「家康、江戸を建てる」 門井 慶喜 著

江戸という町が作られる過程で、天与の才、天稟を発揮しその礎を築いた人々を描く連作集。


本書は、徳川家康豊臣秀吉から関東八か国への国替えを命じられた場面から始まる。
この時、家康は四九歳。
決して若いとは言えない年齢にもかかわらず、家康は国替えに反対する本多忠勝井伊直政ら家臣を前に「ここを、わしは大坂にしたい」と声高らかに宣言する。
当時、大坂といえば人も物も富も集まる天下一の大都市。
東国の藁葺きの民家が集まる漁師町に過ぎない江戸を、どうやって「大坂」にしようと言うのか、彼の頭にはどのような手順や設計図が浮かんでいたのか…。


さて、家康の江戸の大坂(大都市)化計画。
まずは土地、だ。
第一話では、水浸しの湿地である江戸を実り豊かな地に変えるよう家康に命じられた伊奈忠次利根川の流れを変えることに挑む。
当時、現在の東京湾へと注いでいた川の流れを銚子へと移動させる東遷事業だ。
この東遷により新田開発が可能な土地が増え、水害も減り、水上運送も活発になったのだが、完工までには60年もの歳月が費やされ、家康も、彼に一任された伊奈忠次とその子たちもまた完成を見ることはなかった。
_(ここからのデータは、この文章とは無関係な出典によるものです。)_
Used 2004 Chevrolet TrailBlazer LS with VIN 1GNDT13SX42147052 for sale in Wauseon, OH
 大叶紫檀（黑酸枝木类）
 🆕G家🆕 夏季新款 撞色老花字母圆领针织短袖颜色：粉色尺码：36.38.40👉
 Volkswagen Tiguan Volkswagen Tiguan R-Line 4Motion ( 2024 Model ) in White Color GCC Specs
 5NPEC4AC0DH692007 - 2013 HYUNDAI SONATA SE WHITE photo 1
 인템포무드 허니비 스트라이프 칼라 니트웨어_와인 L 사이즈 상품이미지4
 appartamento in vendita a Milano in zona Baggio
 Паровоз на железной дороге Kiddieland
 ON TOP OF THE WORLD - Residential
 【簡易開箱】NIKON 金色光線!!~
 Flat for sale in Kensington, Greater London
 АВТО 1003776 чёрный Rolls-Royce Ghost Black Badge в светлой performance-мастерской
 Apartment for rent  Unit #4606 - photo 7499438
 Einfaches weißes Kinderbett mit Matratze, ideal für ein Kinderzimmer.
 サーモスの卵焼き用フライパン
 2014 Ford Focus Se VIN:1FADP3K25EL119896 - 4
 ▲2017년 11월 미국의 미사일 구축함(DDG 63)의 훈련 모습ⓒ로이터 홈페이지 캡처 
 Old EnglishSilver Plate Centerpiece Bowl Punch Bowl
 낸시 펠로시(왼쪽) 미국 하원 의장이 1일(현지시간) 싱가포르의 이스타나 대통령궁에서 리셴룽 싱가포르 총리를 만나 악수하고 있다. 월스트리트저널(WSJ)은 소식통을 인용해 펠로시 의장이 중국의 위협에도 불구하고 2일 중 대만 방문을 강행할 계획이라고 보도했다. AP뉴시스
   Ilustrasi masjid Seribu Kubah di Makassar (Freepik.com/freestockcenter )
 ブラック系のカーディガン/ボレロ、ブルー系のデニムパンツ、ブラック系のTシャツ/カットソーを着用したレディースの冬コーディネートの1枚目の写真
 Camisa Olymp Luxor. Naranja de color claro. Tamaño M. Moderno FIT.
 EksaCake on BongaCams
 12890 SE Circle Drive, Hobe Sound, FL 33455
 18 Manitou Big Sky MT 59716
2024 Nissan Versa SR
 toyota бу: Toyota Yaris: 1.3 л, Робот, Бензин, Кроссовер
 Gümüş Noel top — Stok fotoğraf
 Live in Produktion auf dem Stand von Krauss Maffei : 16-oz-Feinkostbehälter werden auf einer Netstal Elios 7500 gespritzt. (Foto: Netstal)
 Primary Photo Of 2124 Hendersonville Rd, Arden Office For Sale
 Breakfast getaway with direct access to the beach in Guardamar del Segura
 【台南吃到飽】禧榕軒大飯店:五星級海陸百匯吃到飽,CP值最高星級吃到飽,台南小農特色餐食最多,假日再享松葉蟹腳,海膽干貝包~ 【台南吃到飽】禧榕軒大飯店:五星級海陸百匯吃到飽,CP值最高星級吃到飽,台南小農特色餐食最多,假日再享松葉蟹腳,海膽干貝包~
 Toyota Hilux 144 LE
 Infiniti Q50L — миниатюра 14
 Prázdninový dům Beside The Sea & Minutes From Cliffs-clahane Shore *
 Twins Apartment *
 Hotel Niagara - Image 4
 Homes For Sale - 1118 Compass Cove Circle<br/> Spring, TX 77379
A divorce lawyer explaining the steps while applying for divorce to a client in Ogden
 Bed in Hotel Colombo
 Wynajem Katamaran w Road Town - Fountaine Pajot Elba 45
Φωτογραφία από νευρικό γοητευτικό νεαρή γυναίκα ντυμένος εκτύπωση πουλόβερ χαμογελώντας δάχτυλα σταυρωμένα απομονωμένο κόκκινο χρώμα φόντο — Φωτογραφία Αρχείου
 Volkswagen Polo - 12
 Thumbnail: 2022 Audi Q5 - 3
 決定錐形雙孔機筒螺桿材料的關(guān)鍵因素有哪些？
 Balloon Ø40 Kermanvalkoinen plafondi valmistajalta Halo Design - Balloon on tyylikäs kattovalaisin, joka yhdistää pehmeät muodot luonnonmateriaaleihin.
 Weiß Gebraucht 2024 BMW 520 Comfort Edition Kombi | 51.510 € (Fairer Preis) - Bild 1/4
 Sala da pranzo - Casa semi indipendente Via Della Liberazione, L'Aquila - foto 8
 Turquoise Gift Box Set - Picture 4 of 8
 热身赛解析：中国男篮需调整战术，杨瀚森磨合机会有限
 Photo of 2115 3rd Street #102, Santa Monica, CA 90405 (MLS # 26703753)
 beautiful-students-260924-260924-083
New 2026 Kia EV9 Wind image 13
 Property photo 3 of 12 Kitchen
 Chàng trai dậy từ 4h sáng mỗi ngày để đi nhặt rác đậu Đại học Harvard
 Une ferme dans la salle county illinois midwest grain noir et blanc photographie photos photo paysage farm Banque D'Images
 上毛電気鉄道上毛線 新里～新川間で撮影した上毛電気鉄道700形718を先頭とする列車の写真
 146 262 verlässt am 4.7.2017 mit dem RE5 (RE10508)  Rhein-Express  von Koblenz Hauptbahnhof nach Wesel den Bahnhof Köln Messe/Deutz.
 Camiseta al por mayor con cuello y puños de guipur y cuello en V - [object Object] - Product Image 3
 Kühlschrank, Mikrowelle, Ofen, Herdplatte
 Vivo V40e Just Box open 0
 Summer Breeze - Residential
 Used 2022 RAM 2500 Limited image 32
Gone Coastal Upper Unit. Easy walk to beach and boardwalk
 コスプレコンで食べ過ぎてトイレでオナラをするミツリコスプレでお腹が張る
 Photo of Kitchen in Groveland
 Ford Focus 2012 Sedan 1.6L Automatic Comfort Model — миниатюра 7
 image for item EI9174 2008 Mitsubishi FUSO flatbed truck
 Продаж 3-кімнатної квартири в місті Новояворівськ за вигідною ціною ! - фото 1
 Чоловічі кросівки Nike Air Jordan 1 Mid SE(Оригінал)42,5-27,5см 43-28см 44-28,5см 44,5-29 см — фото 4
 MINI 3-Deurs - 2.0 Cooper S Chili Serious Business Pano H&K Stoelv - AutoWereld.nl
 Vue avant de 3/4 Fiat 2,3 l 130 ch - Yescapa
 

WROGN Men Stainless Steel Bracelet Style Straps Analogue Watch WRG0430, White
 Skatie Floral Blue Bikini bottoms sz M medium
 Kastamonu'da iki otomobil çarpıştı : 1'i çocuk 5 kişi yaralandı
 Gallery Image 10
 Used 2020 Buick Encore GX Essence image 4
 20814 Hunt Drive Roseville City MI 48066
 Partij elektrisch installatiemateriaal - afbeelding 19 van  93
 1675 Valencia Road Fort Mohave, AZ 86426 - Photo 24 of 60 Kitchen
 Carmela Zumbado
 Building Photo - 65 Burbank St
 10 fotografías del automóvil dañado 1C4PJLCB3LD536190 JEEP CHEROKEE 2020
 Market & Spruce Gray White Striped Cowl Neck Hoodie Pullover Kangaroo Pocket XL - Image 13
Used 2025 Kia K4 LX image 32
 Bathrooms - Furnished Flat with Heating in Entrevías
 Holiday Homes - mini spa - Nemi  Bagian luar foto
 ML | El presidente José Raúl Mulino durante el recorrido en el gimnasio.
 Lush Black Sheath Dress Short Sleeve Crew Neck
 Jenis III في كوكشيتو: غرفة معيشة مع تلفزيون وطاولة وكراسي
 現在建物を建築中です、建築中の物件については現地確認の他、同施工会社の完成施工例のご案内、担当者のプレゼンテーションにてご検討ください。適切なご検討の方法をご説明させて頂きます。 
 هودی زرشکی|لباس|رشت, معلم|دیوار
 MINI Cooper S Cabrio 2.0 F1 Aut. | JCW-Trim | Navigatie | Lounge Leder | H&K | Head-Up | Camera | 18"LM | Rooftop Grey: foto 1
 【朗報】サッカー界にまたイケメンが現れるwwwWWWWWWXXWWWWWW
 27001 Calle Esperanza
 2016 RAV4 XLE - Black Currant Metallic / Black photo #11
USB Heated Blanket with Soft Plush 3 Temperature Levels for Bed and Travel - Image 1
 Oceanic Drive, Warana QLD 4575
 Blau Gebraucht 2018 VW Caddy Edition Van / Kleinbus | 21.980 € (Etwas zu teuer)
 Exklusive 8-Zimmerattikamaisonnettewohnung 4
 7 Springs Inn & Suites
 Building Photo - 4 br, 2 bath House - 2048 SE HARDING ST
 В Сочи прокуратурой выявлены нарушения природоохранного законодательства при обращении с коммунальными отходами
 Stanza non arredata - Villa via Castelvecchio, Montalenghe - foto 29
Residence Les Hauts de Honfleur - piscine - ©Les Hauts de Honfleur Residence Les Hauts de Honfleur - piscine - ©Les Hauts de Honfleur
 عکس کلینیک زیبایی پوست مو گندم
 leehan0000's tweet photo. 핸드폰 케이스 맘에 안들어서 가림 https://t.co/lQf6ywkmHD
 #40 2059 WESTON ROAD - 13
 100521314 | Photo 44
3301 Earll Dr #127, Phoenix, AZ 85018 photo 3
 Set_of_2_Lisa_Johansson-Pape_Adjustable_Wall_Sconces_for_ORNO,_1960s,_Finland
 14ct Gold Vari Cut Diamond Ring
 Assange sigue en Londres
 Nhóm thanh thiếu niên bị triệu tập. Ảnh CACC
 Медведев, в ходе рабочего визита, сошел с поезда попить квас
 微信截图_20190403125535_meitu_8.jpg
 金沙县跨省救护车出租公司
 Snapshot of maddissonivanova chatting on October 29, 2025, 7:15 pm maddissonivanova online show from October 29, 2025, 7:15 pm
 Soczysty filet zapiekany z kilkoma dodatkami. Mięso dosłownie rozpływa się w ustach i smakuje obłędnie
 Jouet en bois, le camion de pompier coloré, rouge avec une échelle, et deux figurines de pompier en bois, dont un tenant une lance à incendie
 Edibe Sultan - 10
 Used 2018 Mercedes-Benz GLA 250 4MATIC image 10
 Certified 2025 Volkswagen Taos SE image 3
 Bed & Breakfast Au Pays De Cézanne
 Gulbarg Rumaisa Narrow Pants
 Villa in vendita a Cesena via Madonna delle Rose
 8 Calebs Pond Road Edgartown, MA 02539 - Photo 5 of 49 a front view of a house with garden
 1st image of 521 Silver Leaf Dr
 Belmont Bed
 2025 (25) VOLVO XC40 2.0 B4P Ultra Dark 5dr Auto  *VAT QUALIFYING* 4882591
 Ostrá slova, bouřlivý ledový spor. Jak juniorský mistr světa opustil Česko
また第二話では、江戸で流通する金貨の鋳造事業を取り上げる。
豊臣と徳川の戦いは武力だけでなく、金融経済の部分でも行われていたのだ。
そしてこちらの方は京都の後藤家、江戸の橋本(後藤)庄三郎との戦いでもあった。
関ヶ原も天下分け目の貨幣戦争の結末も、ドラマチックだ。

第三話は、飲料水となる水を引く水道工事だ。
菓子司であった大久保藤五郎、水源地の百姓であった内田六次郎、そして技術官僚である春日与右衛門らがそれぞれ得意分野を活かしつつ難工事に挑む。

第四話では、江戸城の石垣の石積み工事を取り上げる。
石の採取を行う「見えすき吾平」と呼ばれた石の節理を読む能力を持った石切を主人公に、何人もの犠牲者を出す城の普請事業の様子を描く。
加藤清正の石垣普請の様子などを描き、二度の地震に耐え、今も櫓を支える熊本城の一本石垣の記事を思い出し胸があつくなる。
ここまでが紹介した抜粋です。